Selon un rapport signé par Jonathan Holslag, prof de relations internationales à la VUB, le développement d’Alibaba près de Liège, l’Amazone chinois, ne profite qu’aux entreprises chinoises. Quelle surprise ! Alibaba n’est donc pas la caverne aux trésors promise à la Wallonie par Charles Michel, alors premier ministre, lors de l’inauguration des locaux liégeois de l’entreprise qui s’écriait « C’est un jour historique ! » « Une situation win-win ! » avait-il même lancé dans un discours très route du soi… 

Reprenant ainsi le vocabulaire utilisé par les Chinois eux-mêmes dont « la stratégie win-win » leur sert de justificatif notamment en Afrique pour vidanger les richesses des pays sur lesquels ils lorgnent.  

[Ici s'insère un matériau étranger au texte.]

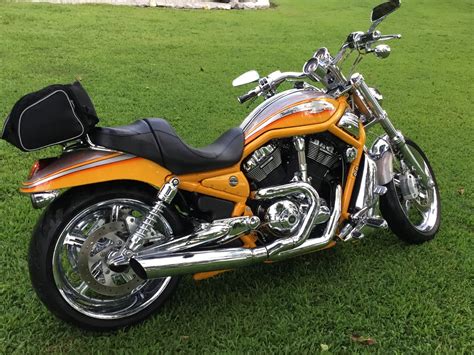 2006 Harley Davidson® Vrscse2 Screamin Eagle® V Rod® Yellow Lynnville Indiana 1068438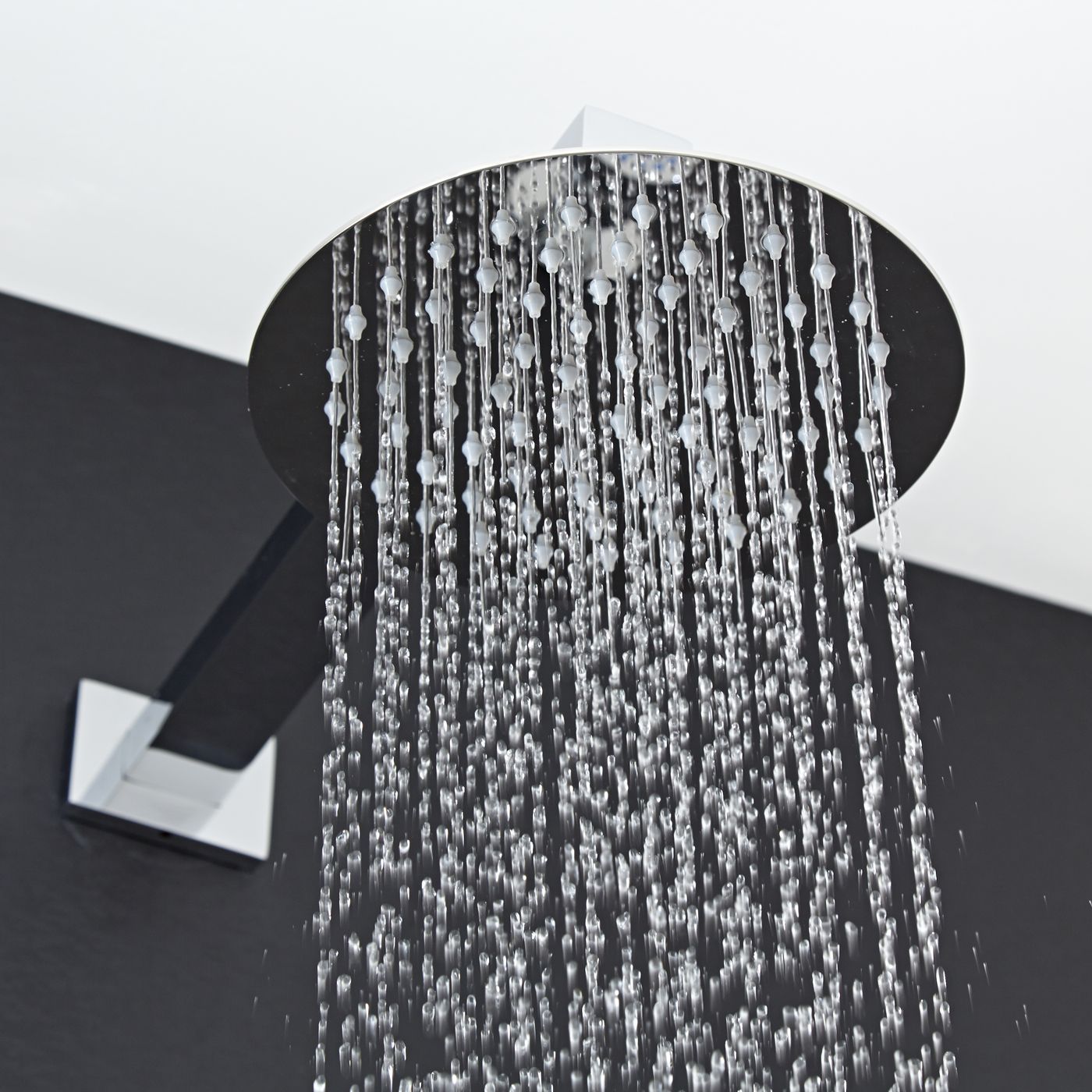 8" Round Shower Head with Rectangular Wall Arm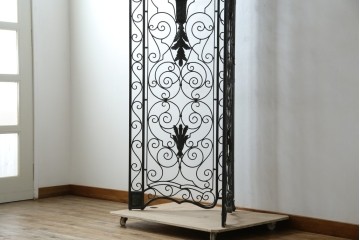 中古　美品　イギリス製　MAITLAND-SMITH(メートランドスミス)　ヨーロピアンクラシックなデザインがお洒落なパーテーション(間仕切り、衝立て、つい立て)(定価約50万円)(R-062017)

On passera charitablement sur le fait que l’accord avec le géant chinois a été signé en décembre 2018 par le CEO de Liège Airport, qui s’est retrouvé inculpé quatre ans plus tard pour trafic d’influence, corruption et détournement. Il serait scandaleux de lier ces deux informations. 

On évitera aussi de rappeler les mises en garde d’une carte blanche signée à l’époque par de nombreux chercheurs et artistes (publiée dans votre quotidien favori). Qui s’inquiétait notamment que rien dans les accords avec Alibaba n’excluait l’importation des produits provenant des camps de travail chinois, soulignait les conséquences du trafic aérien et routier engendré par cette installation en termes de pollution et déplorait la suppression de centaines d’hectares d’excellentes terres agricoles de la province. 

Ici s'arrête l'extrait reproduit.